Posted by ctrueden on Feb 22, 2006; 6:34pm
URL: http://imagej.273.s1.nabble.com/measure-particle-distance-to-an-arbitrary-line-tp3703628p3703630.html

Hi Javier,

> I am interested in measuring the (shortest) distance of multiple
> particles to a manually drawn straight line in an image. This could be
> done manually for each particle, but the results would be less
> accurate and the process very time-consuming. Since each image
> contains between 50 and 100 well defined particles, the manual
> approach is not reasonable.
>
> Any ideas?


I wrote some Java code (below) to measure the distance between a point
and a line (either a "true" line or a line segment).
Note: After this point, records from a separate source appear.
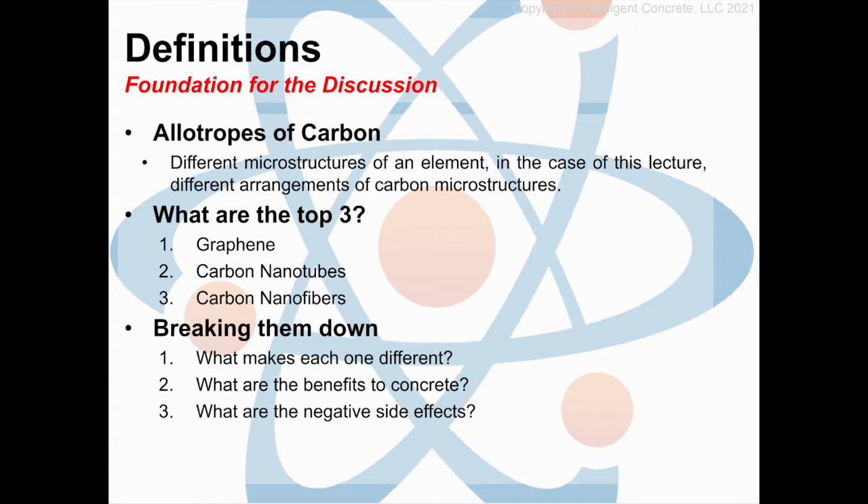It's about graphene, carbon nanotubes, and carbon nanofibers. Breaking them down is important — I want to show you what they are at a 50,000-foot view, what's different between each one, and the benefits and negative side effects. Yes, this is a persuasive discussion. I want you to try and prove me wrong. You prove me wrong, I'll get you a steak dinner.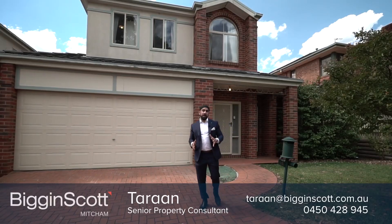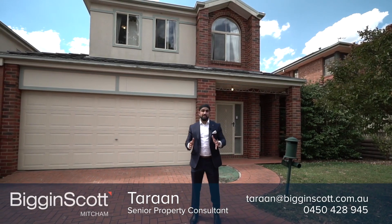Hey guys, Scott Mitchell here standing outside my newest listing in a private leafy Cottinglea Estate in Ringwood North. This three-bedroom, two-bathroom home is perfect for a family — let's have a look.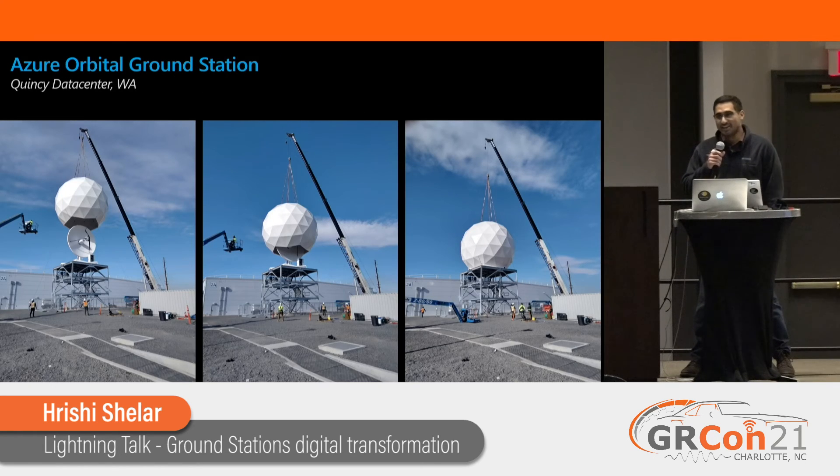That concludes my lightning talk. There's a picture of a ground station at our data center at Quincy — a 6.1 meter dish, X over Y mount, and it's in a radome. In general, that's what data centers look like from the outside: just plain gray buildings. Not much to see, but highly secure.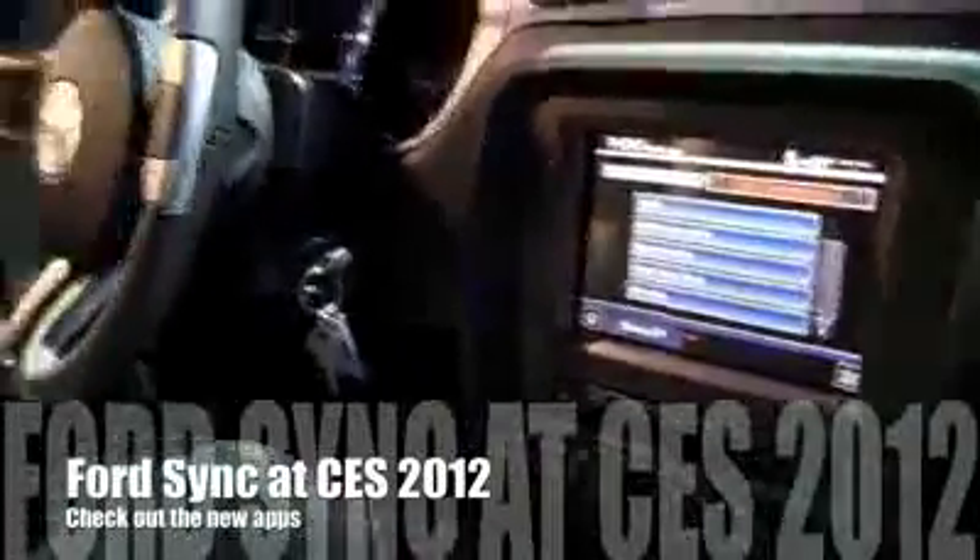Hi friends, Marin with Intu Mobile. We're here at CES 2012 and we're with Liz from Ford. We're going to look at Ford Sync and the new goodies in AppLink. So go ahead and take it away, Liz.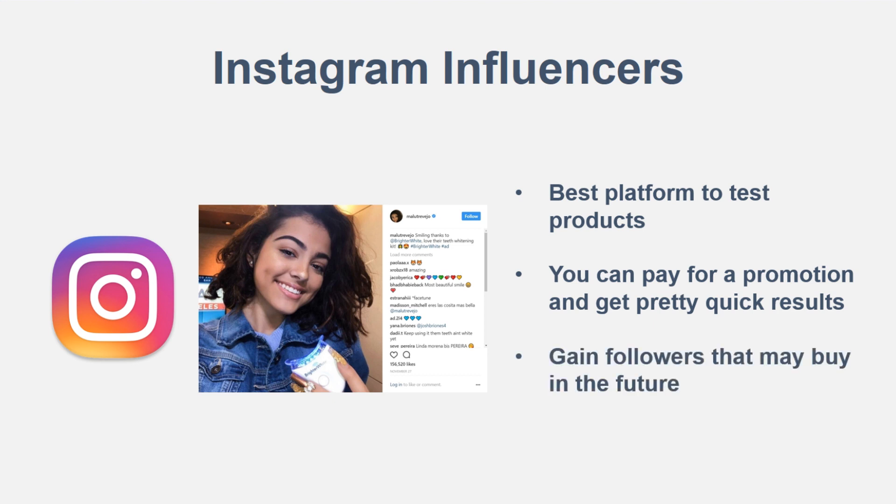When you do those promotions you can also potentially be gaining followers that may buy in the future. For example, with Malu Trevejo and Brighter White, someone might not buy right away from the promotion, but they might follow the page and later decide they want the teeth whitening product. So you get follow-up sales and follower growth — people interacting with your posts — which helps spread and build your brand overall.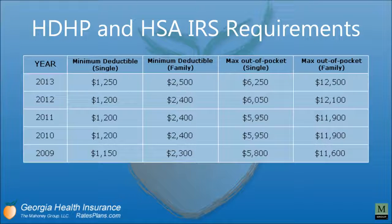Here are the HDHP and HSA IRS requirements. An HSA is a health savings account that is a voluntary contribution that funds the HDHP. Here you have the minimum deductibles for single and family — they simply double. And the maximum out-of-pocket for single and family, those double as well. The IRS sets these requirements each year.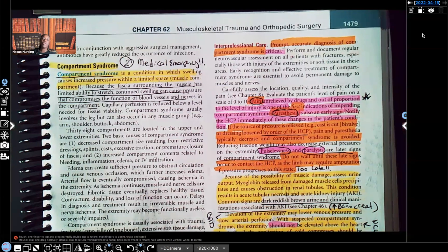Hi guys, it's me Professor D, and welcome back to my YouTube channel. On this video, I'm going to be covering compartment syndrome.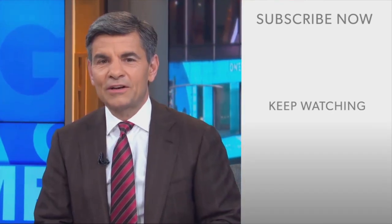Hi, everyone. George Stephanopoulos here. Thanks for checking out the ABC News YouTube channel. If you'd like to get more videos, show highlights, and watch live event coverage, click on the right over here to subscribe to our channel. And don't forget to download the ABC News app for breaking news alerts. Thanks for watching.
You could take this
code, throw it into a Java source file, then write a plugin or macro
that for each particle, measures the distance to the user-defined line
and spits it out to a text file or something. (I am assuming there is
one manually drawn line, and you want the distance to that same line for
all 50-100 particles?)

Good luck,
-Curtis

-----

  /**
   * Computes the minimum distance between the point v and the line a-b.
   *
   * @param a Coordinates of the line's first endpoint
   * @param b Coordinates of the line's second endpoint
   * @param v Coordinates of the standalone endpoint
   * @param segment Whether distance computation should be
   *                constrained to the given line segment
   */
  public static double getDistance(double[] a, double[] b, double[] v,
    boolean segment)
  {
    int len = a.length;

    // vectors
    double[] ab = new double[len];
    double[] va = new double[len];
    for (int i=0; i<len; i++) {
      ab[i] = a[i] - b[i];
      va[i] = v[i] - a[i];
    }

    // project v onto (a, b)
    double numer = 0;
    double denom = 0;
    for (int i=0; i<len; i++) {
      numer += va[i] * ab[i];
      denom += ab[i] * ab[i];
    }
    double c = numer / denom;
    double[] p = new double[len];
    for (int i=0; i<len; i++) p[i] = c * ab[i] + a[i];

    // determine which point (a, b or p) to use in distance computation
    int flag = 0;
    if (segment) {
      for (int i=0; i<len; i++) {
        if (p[i] > a[i] && p[i] > b[i]) flag = a[i] > b[i] ? 1 : 2;
        else if (p[i] < a[i] && p[i] < b[i]) flag = a[i] < b[i] ? 1 : 2;
        else continue;
        break;
      }
    }

    double sum = 0;
    for (int i=0; i<len; i++) {
      double q;
      if (flag == 0) q = p[i] - v[i]; // use p
      else if (flag == 1) q = a[i] - v[i]; // use a
      else q = b[i] - v[i]; // flag == 2, use b
      sum += q * q;
    }

    return Math.sqrt(sum);
  }